Excerpted records below:

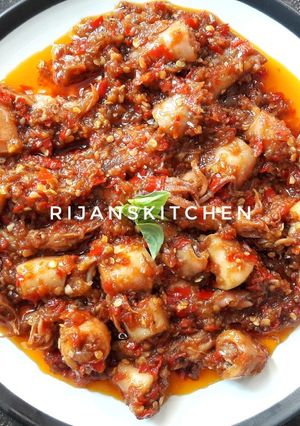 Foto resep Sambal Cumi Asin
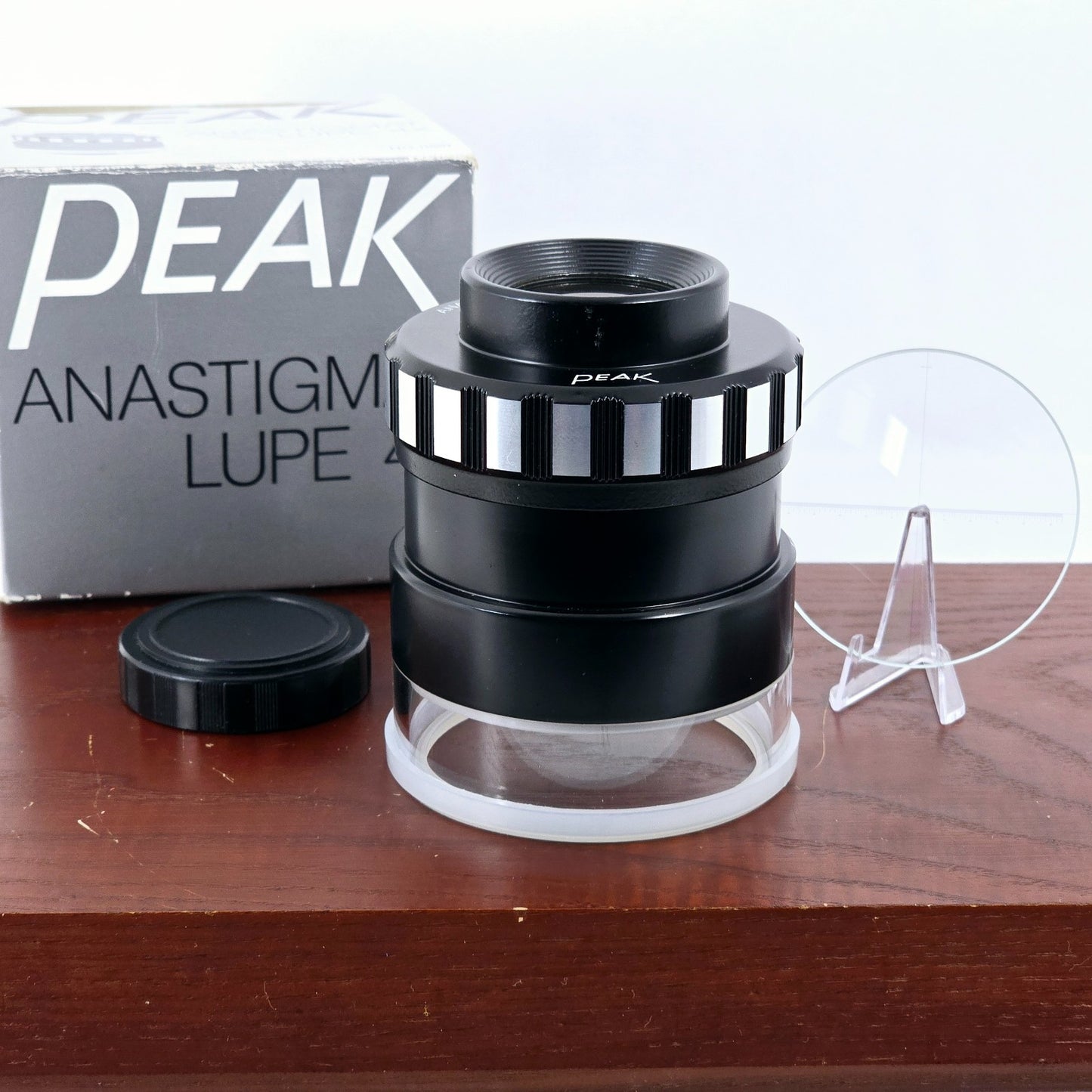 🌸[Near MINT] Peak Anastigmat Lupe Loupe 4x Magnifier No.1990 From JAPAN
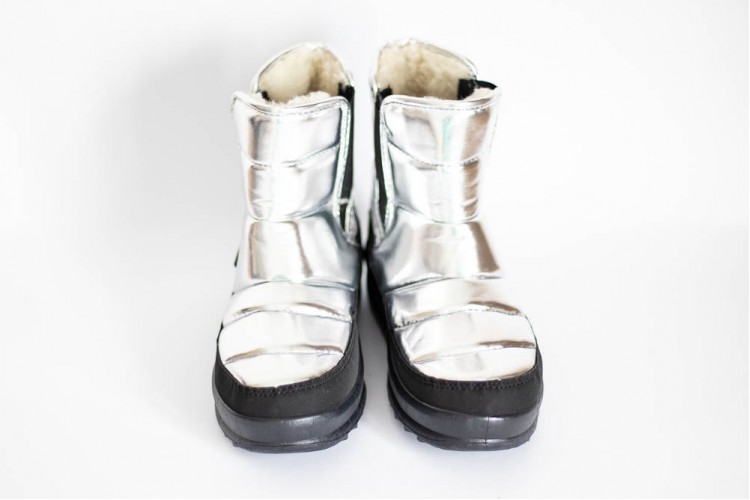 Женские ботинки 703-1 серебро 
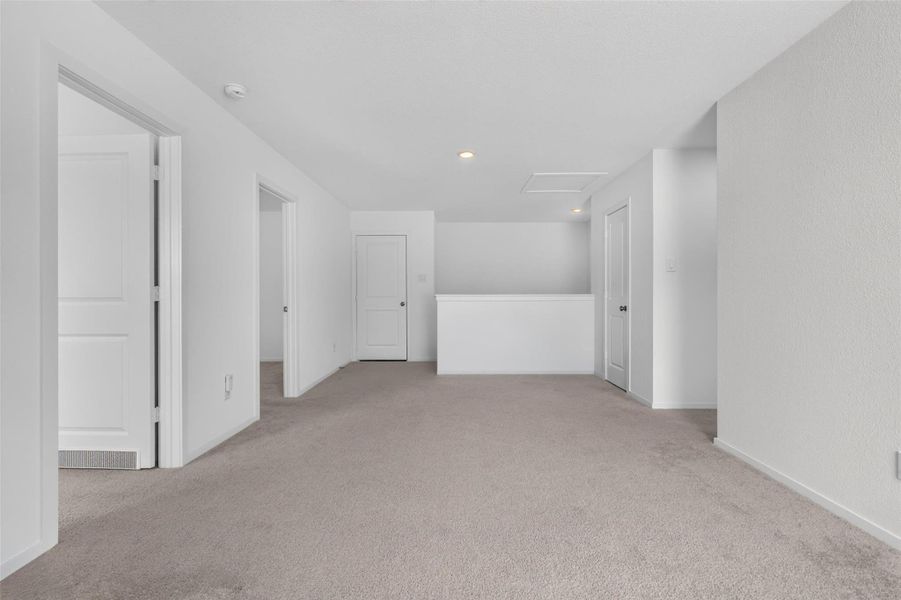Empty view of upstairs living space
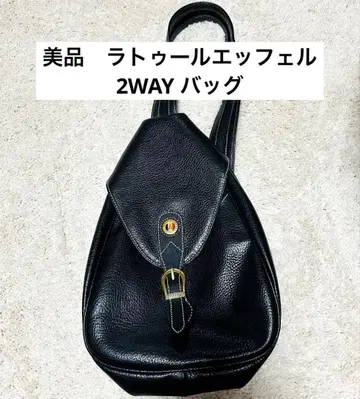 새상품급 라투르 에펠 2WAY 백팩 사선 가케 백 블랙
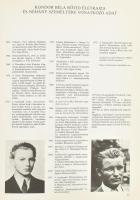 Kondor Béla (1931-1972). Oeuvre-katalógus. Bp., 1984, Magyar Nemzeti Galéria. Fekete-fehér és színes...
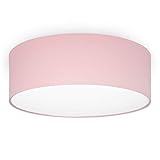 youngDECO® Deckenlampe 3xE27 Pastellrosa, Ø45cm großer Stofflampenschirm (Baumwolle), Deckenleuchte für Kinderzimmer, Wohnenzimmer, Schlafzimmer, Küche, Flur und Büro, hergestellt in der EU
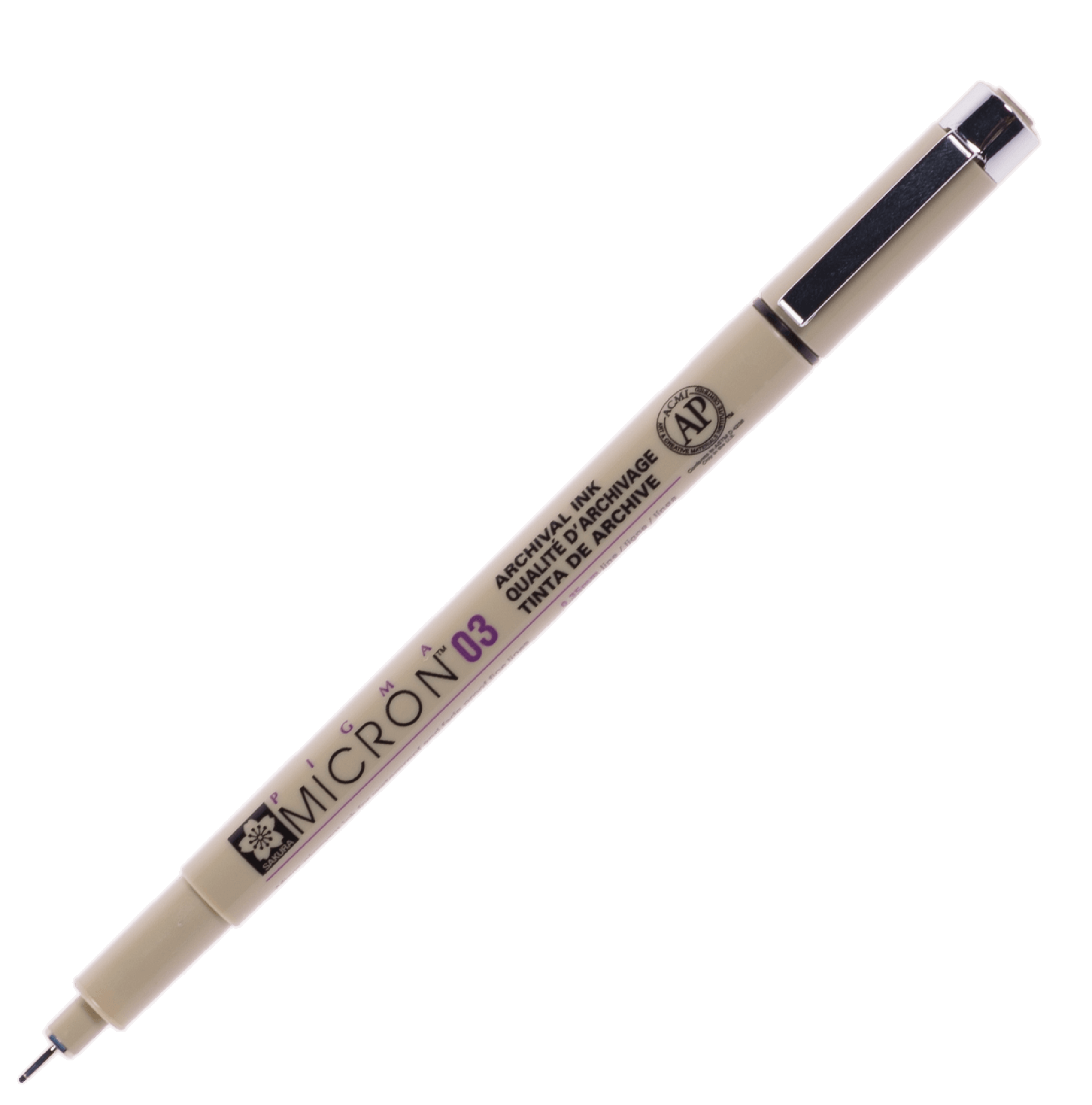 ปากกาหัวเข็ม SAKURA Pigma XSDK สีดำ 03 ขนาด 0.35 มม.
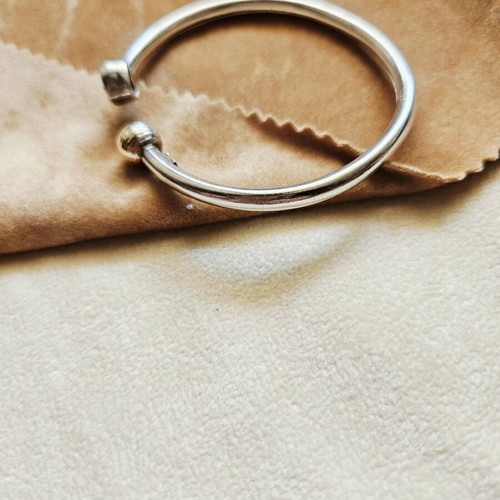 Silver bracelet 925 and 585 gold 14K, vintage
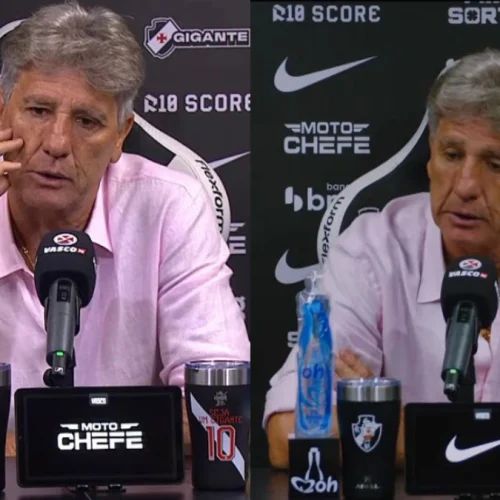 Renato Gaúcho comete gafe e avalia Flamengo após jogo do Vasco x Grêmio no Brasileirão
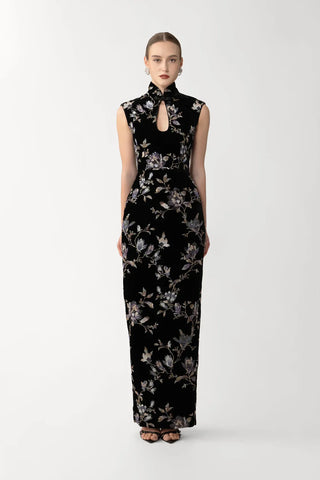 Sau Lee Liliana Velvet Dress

End of Excerpted records.

**Problem to work on**:
Look above for the line containing "Женские ботинки 703-1 серебро", then copy exactly from it through the line containing "Kondor Béla (1931-1972).", keeping both and leaving out pictures. Add nothing else.

**The completed task**:
 Женские ботинки 703-1 серебро 
Empty view of upstairs living space
 새상품급 라투르 에펠 2WAY 백팩 사선 가케 백 블랙
 Kondor Béla (1931-1972). Oeuvre-katalógus. Bp., 1984, Magyar Nemzeti Galéria. Fekete-fehér és színes...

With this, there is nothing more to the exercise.